I think its really weird how jax was the one to handle it worse and eventually abstract after being told everyone one in the cast was not actual real people and brainscans because like... thats literally reafirming the lies and coping mechanism he developed with the "everyone is a cartoon character and you are all my playthings XD" monologues he had on episode 6 like if anyone was supposed to actually be happy everything was fake it was supposed to be him.
like a good chunk of his crisis were triggered by remembering his real world out of the circus stuff he should be overjoyed he was not the same person as leeroy jenkins or whatever he is called.
This show writing is so ass oh my god
I feel the need to reblog this because this take is pretty ass. First, you confuse Jax's coping mechanism for his actual worldview. He neither genuinely believed nothing he did matters, nor he believe that it would mean that what he did would be okay. Coping is just that. A lie is just that. He knew it wasn't true, that it didn't justifiy what he did, and I think if you actually thought that way, then I think TADC is a little too complicated for you. "He said nothing matters, but he's stressed out that things DO matter? Um, bad writing!" Second, if he is triggered by his REAL MEMORIES of things he ACTUALLY DID in the real world, that means he still did them, and the fact that he is only a brain scan means there is literally NO WAY TO FIX WHAT HE DID, which includes apparently killing his mother. Jax is once again reminded of all the shit he did, that he always knew was wrong, and now escape is genuinely impossible and he will have to live it, so he abstracts.

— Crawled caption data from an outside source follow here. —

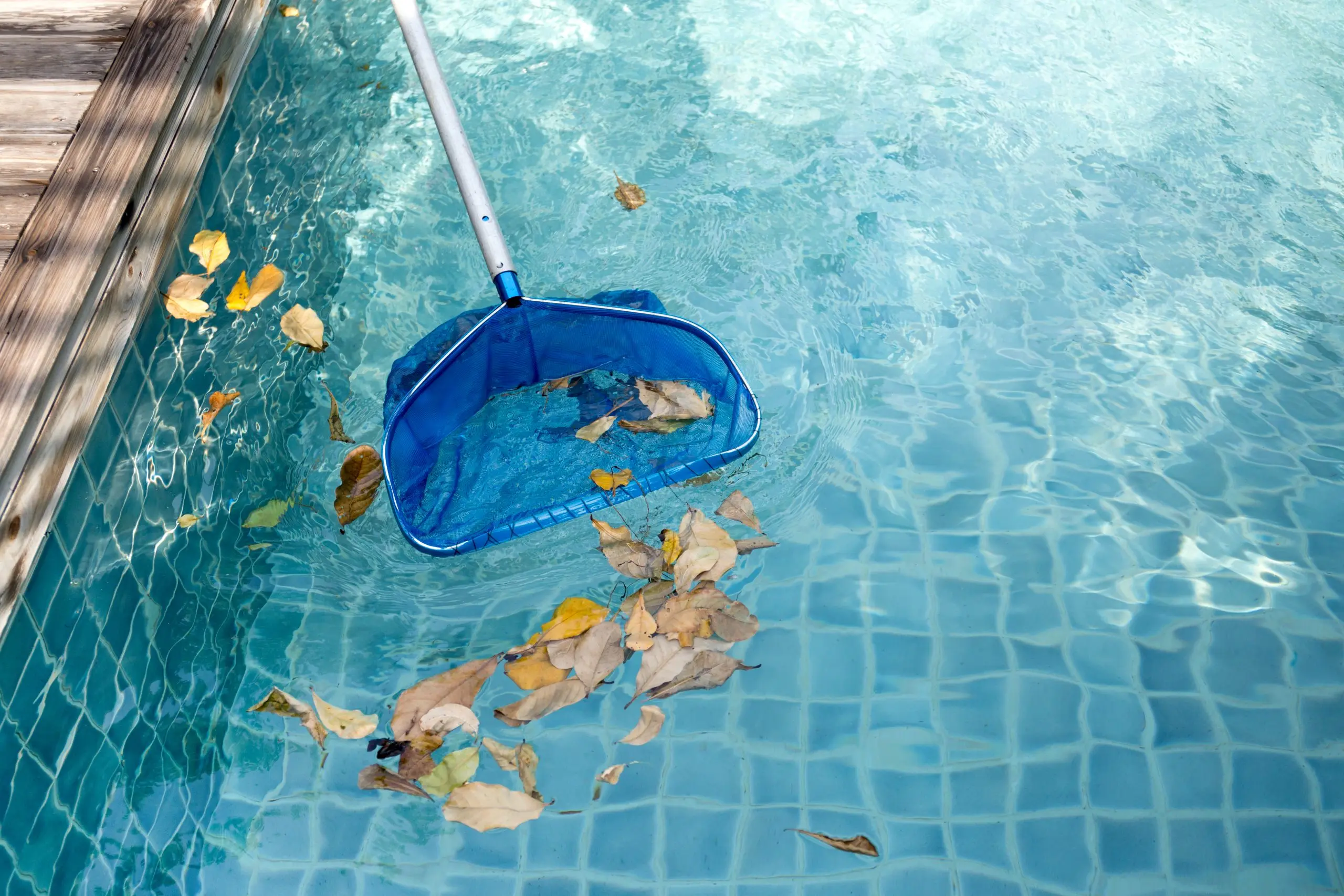 Cleaning swimming pool of fallen leaves with blue skimmer Pool skimmer picking up leaves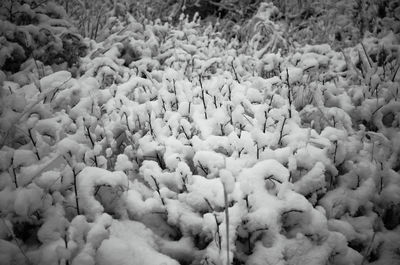 Full frame shot of snow on water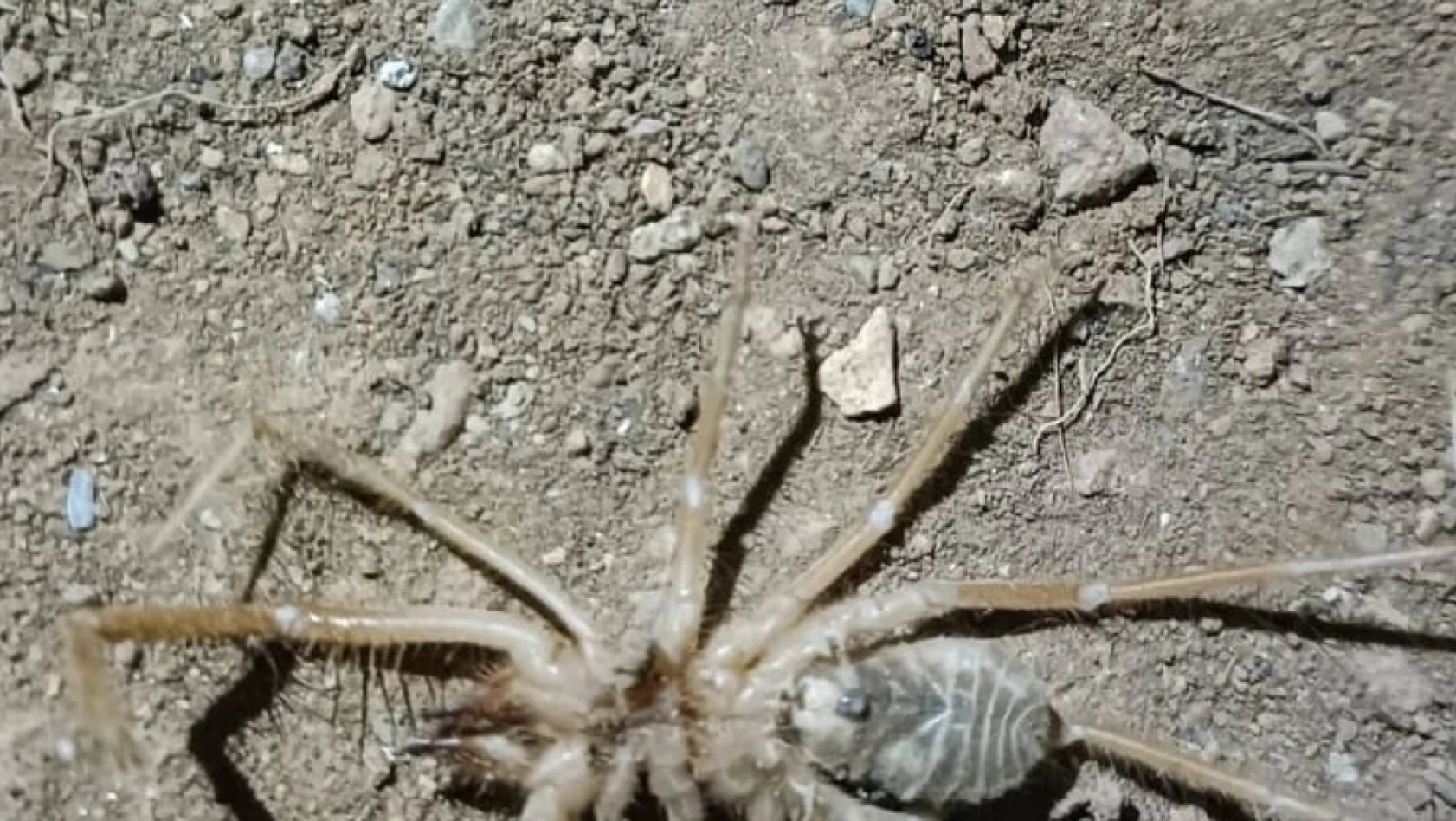 Elazığ'da et yiyen 'Sarıkız örümceği' görüldü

Do you not remember that he was also pissed that Caine lied to them about the buttons to begin with, even though he consciously pressed the button that should have kept them in? That he joined the others in trying to escape anyway?
Jax is scared to confront reality, but he's even more scared at the idea that there is nothing he can do to make up for what he did, which si echoed in his last scene, where he cries that it's far too late. How is this ass writing? You fell for the facade, and that's the story's fault? The complicated character does seemingly contradictory actions under one consistent throughline, and that's bad writing?
I hate when people try to outsmart something but they put less than the bare minimum of thought into it.